(What the task asks): Print the listing below a second time, exactly, and omit its images.

(Raw data):
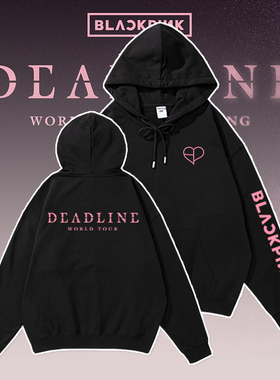 blackpink串标图案卫衣金珍妮演唱会应援服摇粒绒加厚LIsa袖标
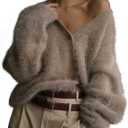 COZYPOIN Womens Fuzzy Mohair Cardigan Open Front Button Down V Neck Long Sleeve Sweater Slouchy Drop Shoulder Knit Coat (M, Khaki)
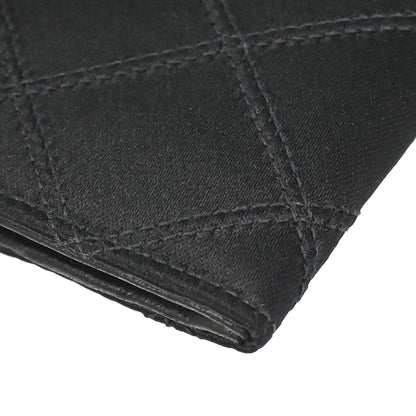 Chanel 1991-1994 Black Satin Bicolore Coin Purse Wallet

(Result for this exercise):
 blackpink串标图案卫衣金珍妮演唱会应援服摇粒绒加厚LIsa袖标
 COZYPOIN Womens Fuzzy Mohair Cardigan Open Front Button Down V Neck Long Sleeve Sweater Slouchy Drop Shoulder Knit Coat (M, Khaki)
 Chanel 1991-1994 Black Satin Bicolore Coin Purse Wallet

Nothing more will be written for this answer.